(Data records)
===
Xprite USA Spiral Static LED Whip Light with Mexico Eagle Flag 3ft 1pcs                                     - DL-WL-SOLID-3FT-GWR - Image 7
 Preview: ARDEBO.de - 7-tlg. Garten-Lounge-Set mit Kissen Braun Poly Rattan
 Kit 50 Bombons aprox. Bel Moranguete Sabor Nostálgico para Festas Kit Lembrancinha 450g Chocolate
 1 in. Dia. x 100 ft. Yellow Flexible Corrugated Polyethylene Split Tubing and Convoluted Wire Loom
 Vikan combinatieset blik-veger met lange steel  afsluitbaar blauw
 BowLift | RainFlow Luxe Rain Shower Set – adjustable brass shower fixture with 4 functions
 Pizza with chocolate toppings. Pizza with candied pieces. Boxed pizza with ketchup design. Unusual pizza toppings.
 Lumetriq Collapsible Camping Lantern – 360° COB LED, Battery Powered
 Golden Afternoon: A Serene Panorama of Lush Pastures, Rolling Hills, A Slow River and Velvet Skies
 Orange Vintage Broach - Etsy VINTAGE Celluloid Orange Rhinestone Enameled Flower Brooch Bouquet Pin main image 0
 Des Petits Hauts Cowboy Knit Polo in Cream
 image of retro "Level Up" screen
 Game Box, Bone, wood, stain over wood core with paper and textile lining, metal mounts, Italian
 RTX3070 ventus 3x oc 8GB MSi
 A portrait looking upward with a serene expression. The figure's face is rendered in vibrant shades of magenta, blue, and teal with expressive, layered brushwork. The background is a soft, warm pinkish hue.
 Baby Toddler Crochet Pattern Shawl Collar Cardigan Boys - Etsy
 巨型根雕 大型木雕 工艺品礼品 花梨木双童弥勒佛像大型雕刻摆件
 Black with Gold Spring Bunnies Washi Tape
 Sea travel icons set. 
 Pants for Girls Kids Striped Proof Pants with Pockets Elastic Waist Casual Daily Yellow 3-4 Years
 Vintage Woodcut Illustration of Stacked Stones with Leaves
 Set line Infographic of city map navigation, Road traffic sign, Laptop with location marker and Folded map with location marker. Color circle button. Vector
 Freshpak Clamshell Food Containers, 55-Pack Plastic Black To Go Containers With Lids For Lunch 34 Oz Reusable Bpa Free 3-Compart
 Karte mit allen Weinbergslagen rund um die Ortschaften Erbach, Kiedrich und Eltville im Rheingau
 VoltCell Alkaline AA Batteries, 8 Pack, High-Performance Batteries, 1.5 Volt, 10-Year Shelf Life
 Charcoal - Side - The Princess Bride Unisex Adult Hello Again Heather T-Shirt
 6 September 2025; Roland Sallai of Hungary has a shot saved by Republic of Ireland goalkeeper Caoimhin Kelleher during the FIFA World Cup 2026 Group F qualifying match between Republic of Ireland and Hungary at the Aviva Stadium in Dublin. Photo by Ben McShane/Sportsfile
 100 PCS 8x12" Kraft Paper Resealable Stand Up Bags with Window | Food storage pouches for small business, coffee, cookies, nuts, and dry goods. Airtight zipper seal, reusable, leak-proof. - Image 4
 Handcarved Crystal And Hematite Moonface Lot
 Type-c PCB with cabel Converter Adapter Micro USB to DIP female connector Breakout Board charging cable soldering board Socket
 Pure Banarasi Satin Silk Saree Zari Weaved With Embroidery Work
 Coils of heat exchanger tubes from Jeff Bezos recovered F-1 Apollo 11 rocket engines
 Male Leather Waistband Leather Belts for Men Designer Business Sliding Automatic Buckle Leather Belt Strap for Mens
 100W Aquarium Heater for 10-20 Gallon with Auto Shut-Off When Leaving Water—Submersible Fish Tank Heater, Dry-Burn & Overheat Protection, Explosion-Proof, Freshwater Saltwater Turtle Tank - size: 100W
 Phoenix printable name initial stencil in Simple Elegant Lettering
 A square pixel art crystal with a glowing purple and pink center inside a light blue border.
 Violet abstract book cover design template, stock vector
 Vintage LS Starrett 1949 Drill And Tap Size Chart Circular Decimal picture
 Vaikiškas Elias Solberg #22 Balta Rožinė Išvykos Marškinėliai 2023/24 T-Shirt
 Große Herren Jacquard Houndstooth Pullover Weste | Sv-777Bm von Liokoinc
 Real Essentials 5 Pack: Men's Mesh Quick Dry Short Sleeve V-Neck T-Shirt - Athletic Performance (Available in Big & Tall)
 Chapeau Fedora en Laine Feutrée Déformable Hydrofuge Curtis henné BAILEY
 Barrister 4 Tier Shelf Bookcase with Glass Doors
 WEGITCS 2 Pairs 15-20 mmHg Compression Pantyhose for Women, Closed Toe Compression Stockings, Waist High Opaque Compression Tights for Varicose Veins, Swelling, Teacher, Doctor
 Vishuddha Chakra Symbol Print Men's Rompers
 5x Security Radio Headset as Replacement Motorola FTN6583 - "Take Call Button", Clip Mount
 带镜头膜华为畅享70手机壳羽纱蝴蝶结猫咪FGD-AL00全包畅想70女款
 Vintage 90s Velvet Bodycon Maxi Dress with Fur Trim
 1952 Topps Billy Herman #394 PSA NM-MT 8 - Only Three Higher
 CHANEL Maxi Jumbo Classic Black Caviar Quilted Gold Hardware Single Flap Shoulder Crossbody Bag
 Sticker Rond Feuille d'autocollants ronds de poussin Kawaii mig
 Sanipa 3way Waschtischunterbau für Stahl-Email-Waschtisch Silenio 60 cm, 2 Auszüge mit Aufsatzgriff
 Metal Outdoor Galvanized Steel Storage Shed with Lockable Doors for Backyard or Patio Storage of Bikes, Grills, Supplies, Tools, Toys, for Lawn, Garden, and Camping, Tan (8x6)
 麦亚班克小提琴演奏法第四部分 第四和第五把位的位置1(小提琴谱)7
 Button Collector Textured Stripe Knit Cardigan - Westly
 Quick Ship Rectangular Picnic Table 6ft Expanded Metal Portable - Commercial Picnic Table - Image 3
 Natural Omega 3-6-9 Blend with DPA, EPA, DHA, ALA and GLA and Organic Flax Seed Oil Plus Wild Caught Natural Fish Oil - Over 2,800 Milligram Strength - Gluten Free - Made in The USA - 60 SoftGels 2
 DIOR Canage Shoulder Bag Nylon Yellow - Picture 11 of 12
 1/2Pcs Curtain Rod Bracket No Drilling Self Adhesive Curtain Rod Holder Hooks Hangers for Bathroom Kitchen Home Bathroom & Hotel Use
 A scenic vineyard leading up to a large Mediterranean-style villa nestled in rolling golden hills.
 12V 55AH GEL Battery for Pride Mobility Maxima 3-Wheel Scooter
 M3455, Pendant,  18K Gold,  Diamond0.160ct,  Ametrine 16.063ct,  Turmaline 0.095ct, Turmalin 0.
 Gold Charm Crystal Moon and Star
===
Transcribe the records above exactly as they appear.

Xprite USA Spiral Static LED Whip Light with Mexico Eagle Flag 3ft 1pcs                                     - DL-WL-SOLID-3FT-GWR - Image 7
 Preview: ARDEBO.de - 7-tlg. Garten-Lounge-Set mit Kissen Braun Poly Rattan
 Kit 50 Bombons aprox. Bel Moranguete Sabor Nostálgico para Festas Kit Lembrancinha 450g Chocolate
 1 in. Dia. x 100 ft. Yellow Flexible Corrugated Polyethylene Split Tubing and Convoluted Wire Loom
 Vikan combinatieset blik-veger met lange steel  afsluitbaar blauw
 BowLift | RainFlow Luxe Rain Shower Set – adjustable brass shower fixture with 4 functions
 Pizza with chocolate toppings. Pizza with candied pieces. Boxed pizza with ketchup design. Unusual pizza toppings.
 Lumetriq Collapsible Camping Lantern – 360° COB LED, Battery Powered
 Golden Afternoon: A Serene Panorama of Lush Pastures, Rolling Hills, A Slow River and Velvet Skies
 Orange Vintage Broach - Etsy VINTAGE Celluloid Orange Rhinestone Enameled Flower Brooch Bouquet Pin main image 0
 Des Petits Hauts Cowboy Knit Polo in Cream
 image of retro "Level Up" screen
 Game Box, Bone, wood, stain over wood core with paper and textile lining, metal mounts, Italian
 RTX3070 ventus 3x oc 8GB MSi
 A portrait looking upward with a serene expression. The figure's face is rendered in vibrant shades of magenta, blue, and teal with expressive, layered brushwork. The background is a soft, warm pinkish hue.
 Baby Toddler Crochet Pattern Shawl Collar Cardigan Boys - Etsy
 巨型根雕 大型木雕 工艺品礼品 花梨木双童弥勒佛像大型雕刻摆件
 Black with Gold Spring Bunnies Washi Tape
 Sea travel icons set. 
 Pants for Girls Kids Striped Proof Pants with Pockets Elastic Waist Casual Daily Yellow 3-4 Years
 Vintage Woodcut Illustration of Stacked Stones with Leaves
 Set line Infographic of city map navigation, Road traffic sign, Laptop with location marker and Folded map with location marker. Color circle button. Vector
 Freshpak Clamshell Food Containers, 55-Pack Plastic Black To Go Containers With Lids For Lunch 34 Oz Reusable Bpa Free 3-Compart
 Karte mit allen Weinbergslagen rund um die Ortschaften Erbach, Kiedrich und Eltville im Rheingau
 VoltCell Alkaline AA Batteries, 8 Pack, High-Performance Batteries, 1.5 Volt, 10-Year Shelf Life
 Charcoal - Side - The Princess Bride Unisex Adult Hello Again Heather T-Shirt
 6 September 2025; Roland Sallai of Hungary has a shot saved by Republic of Ireland goalkeeper Caoimhin Kelleher during the FIFA World Cup 2026 Group F qualifying match between Republic of Ireland and Hungary at the Aviva Stadium in Dublin. Photo by Ben McShane/Sportsfile
 100 PCS 8x12" Kraft Paper Resealable Stand Up Bags with Window | Food storage pouches for small business, coffee, cookies, nuts, and dry goods. Airtight zipper seal, reusable, leak-proof. - Image 4
 Handcarved Crystal And Hematite Moonface Lot
 Type-c PCB with cabel Converter Adapter Micro USB to DIP female connector Breakout Board charging cable soldering board Socket
 Pure Banarasi Satin Silk Saree Zari Weaved With Embroidery Work
 Coils of heat exchanger tubes from Jeff Bezos recovered F-1 Apollo 11 rocket engines
 Male Leather Waistband Leather Belts for Men Designer Business Sliding Automatic Buckle Leather Belt Strap for Mens
 100W Aquarium Heater for 10-20 Gallon with Auto Shut-Off When Leaving Water—Submersible Fish Tank Heater, Dry-Burn & Overheat Protection, Explosion-Proof, Freshwater Saltwater Turtle Tank - size: 100W
 Phoenix printable name initial stencil in Simple Elegant Lettering
 A square pixel art crystal with a glowing purple and pink center inside a light blue border.
 Violet abstract book cover design template, stock vector
 Vintage LS Starrett 1949 Drill And Tap Size Chart Circular Decimal picture
 Vaikiškas Elias Solberg #22 Balta Rožinė Išvykos Marškinėliai 2023/24 T-Shirt
 Große Herren Jacquard Houndstooth Pullover Weste | Sv-777Bm von Liokoinc
 Real Essentials 5 Pack: Men's Mesh Quick Dry Short Sleeve V-Neck T-Shirt - Athletic Performance (Available in Big & Tall)
 Chapeau Fedora en Laine Feutrée Déformable Hydrofuge Curtis henné BAILEY
 Barrister 4 Tier Shelf Bookcase with Glass Doors
 WEGITCS 2 Pairs 15-20 mmHg Compression Pantyhose for Women, Closed Toe Compression Stockings, Waist High Opaque Compression Tights for Varicose Veins, Swelling, Teacher, Doctor
 Vishuddha Chakra Symbol Print Men's Rompers
 5x Security Radio Headset as Replacement Motorola FTN6583 - "Take Call Button", Clip Mount
 带镜头膜华为畅享70手机壳羽纱蝴蝶结猫咪FGD-AL00全包畅想70女款
 Vintage 90s Velvet Bodycon Maxi Dress with Fur Trim
 1952 Topps Billy Herman #394 PSA NM-MT 8 - Only Three Higher
 CHANEL Maxi Jumbo Classic Black Caviar Quilted Gold Hardware Single Flap Shoulder Crossbody Bag
 Sticker Rond Feuille d'autocollants ronds de poussin Kawaii mig
 Sanipa 3way Waschtischunterbau für Stahl-Email-Waschtisch Silenio 60 cm, 2 Auszüge mit Aufsatzgriff
 Metal Outdoor Galvanized Steel Storage Shed with Lockable Doors for Backyard or Patio Storage of Bikes, Grills, Supplies, Tools, Toys, for Lawn, Garden, and Camping, Tan (8x6)
 麦亚班克小提琴演奏法第四部分 第四和第五把位的位置1(小提琴谱)7
 Button Collector Textured Stripe Knit Cardigan - Westly
 Quick Ship Rectangular Picnic Table 6ft Expanded Metal Portable - Commercial Picnic Table - Image 3
 Natural Omega 3-6-9 Blend with DPA, EPA, DHA, ALA and GLA and Organic Flax Seed Oil Plus Wild Caught Natural Fish Oil - Over 2,800 Milligram Strength - Gluten Free - Made in The USA - 60 SoftGels 2
 DIOR Canage Shoulder Bag Nylon Yellow - Picture 11 of 12
 1/2Pcs Curtain Rod Bracket No Drilling Self Adhesive Curtain Rod Holder Hooks Hangers for Bathroom Kitchen Home Bathroom & Hotel Use
 A scenic vineyard leading up to a large Mediterranean-style villa nestled in rolling golden hills.
 12V 55AH GEL Battery for Pride Mobility Maxima 3-Wheel Scooter
 M3455, Pendant,  18K Gold,  Diamond0.160ct,  Ametrine 16.063ct,  Turmaline 0.095ct, Turmalin 0.
 Gold Charm Crystal Moon and Star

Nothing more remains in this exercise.